A new report from writers’ organisation and free expression advocate PEN America has accused the Hollywood film industry of “increasingly making decisions about their films…based on an effort to avoid antagonising Chinese officials who control whether their films gain access to the booming Chinese market.”

As a result says the report, titled Made in Hollywood, Censored by Beijing: The US Film Industry and Chinese Government Influence, “appeasing Chinese government investors and gatekeepers has simply become a way of doing business.” And that approach, the document goes on, “is setting a standard for the rest of the world.” 

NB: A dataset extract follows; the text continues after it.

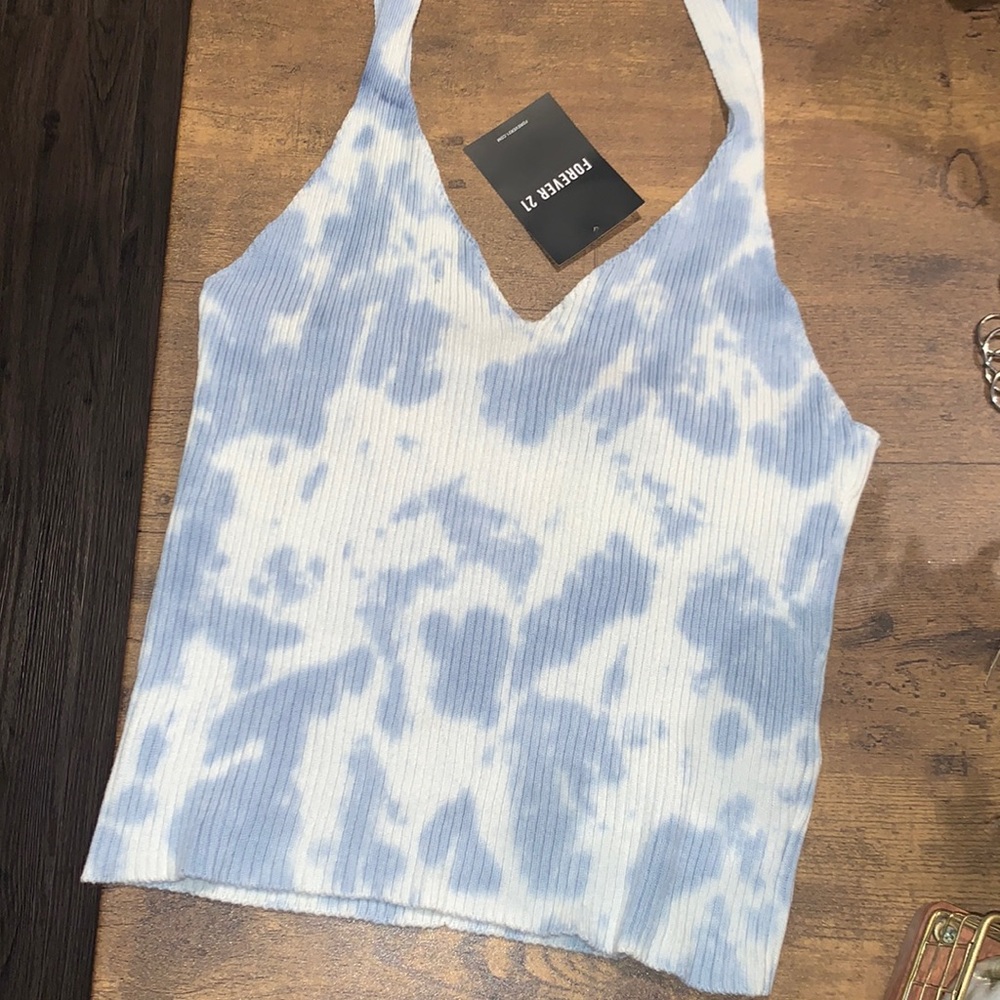 ❌LAST CHANCE❌ Tie dye V neck ribbed sweater cropped tank top NWT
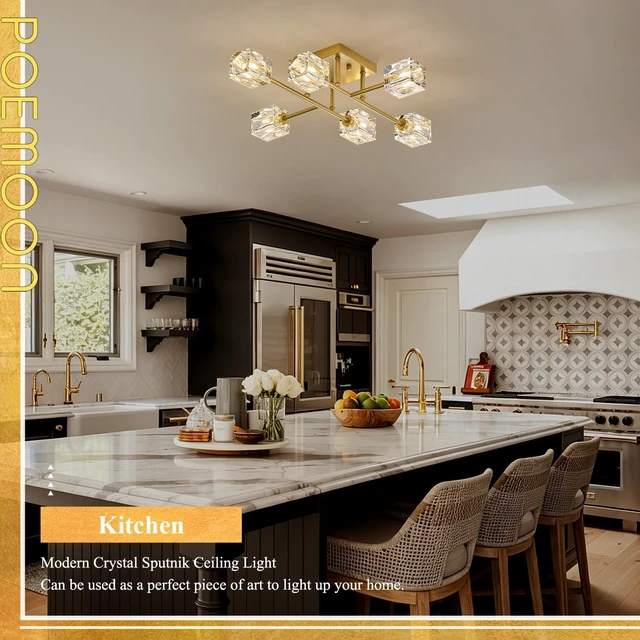 Alt view image 4 of 7 - Gold Crystal Sputnik Chandeliers 6-Light 24" Ceiling Light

Written by PEN America’s deputy director of free expression research and policy James Tager, and released in the wake of similar criticisms of the Hollywood industry from US politicians, the report claims that, as studios seek access to the Chinese market, “many are making difficult and troubling compromises on free expression: changing the content of films intended for international - including American - audiences; engaging in self-censorship; agreeing to provide a censored version of a movie for screening in China; and in some instances directly inviting Chinese government censors onto their film sets to advise them on how to avoid tripping the censors’ wires.” 

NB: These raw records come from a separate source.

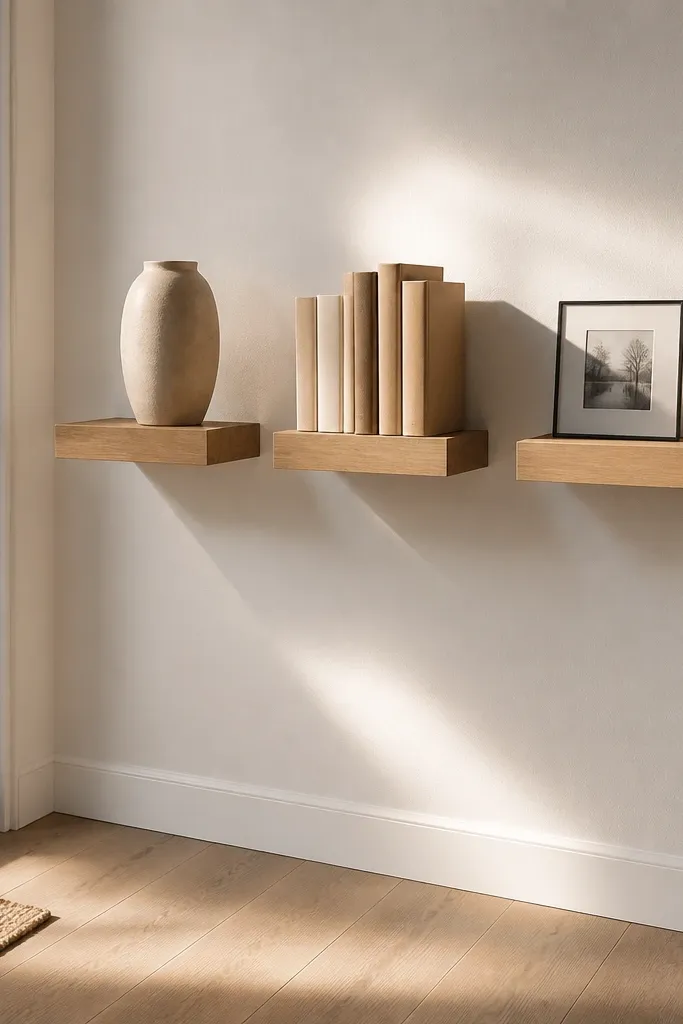 Floating shelves in a long foyer with books, ceramic, and a framed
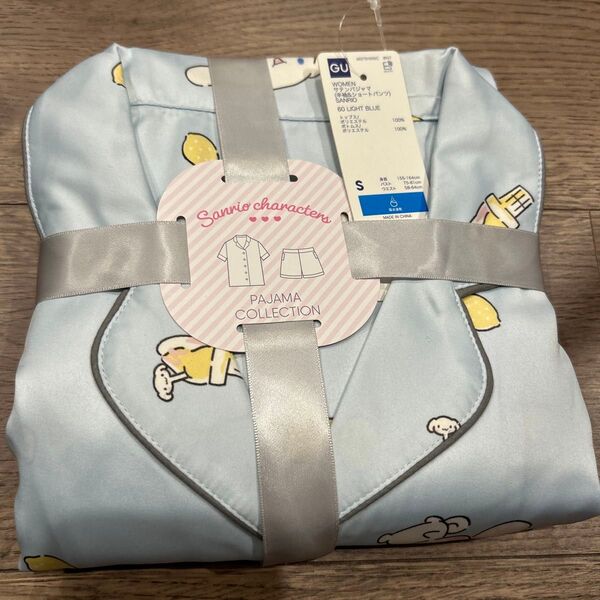 GU サテンパジャマ 新品 シナモンロール 半袖 ショートパンツ サンリオ ルームウェア サテンパジャマ
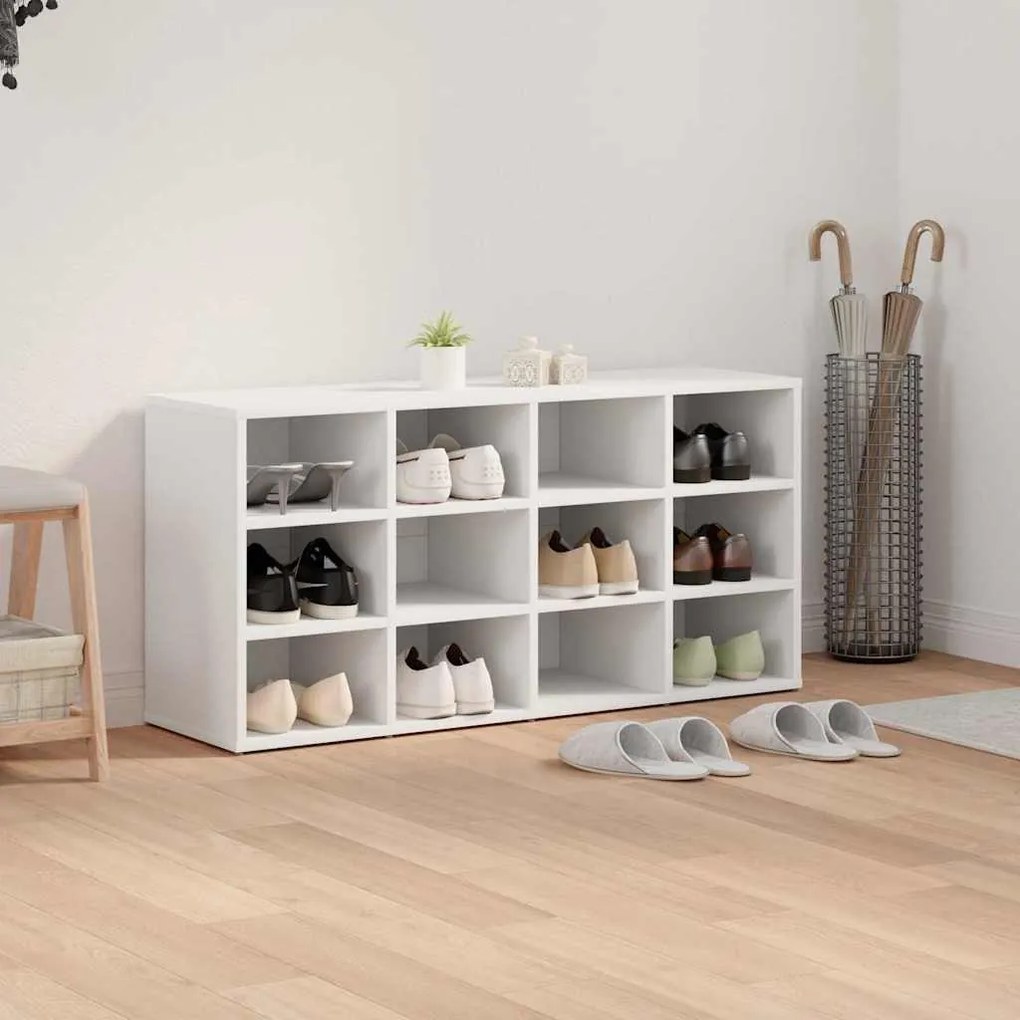 Cipősszekrény polcokkal Fehér 103 x 30 x 51 cm Faanyag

The upshot, says the report, is that “Chinese censors are playing a role in determining the content or message of movies that are released worldwide: this represents the risk that only movies that please one of the world’s most censorious regimes find their way to movie screens across the globe.” 

PEN America cites examples including the 2012 remake of Red Dawn and Marvel Studios’ Dr Strange. The latter, the report claims, “whitewashed a major Tibetan character for fear of jeopardising the film’s chances in China.” 

The report calls on the Hollwyood industry to develop “a set of practices on how to respond to governmental requests to modify and censor content” as well as “broader practices to counteract the more generalized and less explicit pressures that censorious governments can bring to bear.” 

It recommends that if major studios make changes to films for the Chinese market they pledge to do so “only for the version of the film made available within mainland China, not for the film’s global release.” 

While the Hollywood studios should take the lead, says the report, their trade body, the Motion Picture Association, should also take action to implement the recommendations. 

PEN America has a membership of 7,200 novelists, journalists, nonfiction writers, editors, poets, essayists, playwrights, publishers, translators, agents and other writing professionals.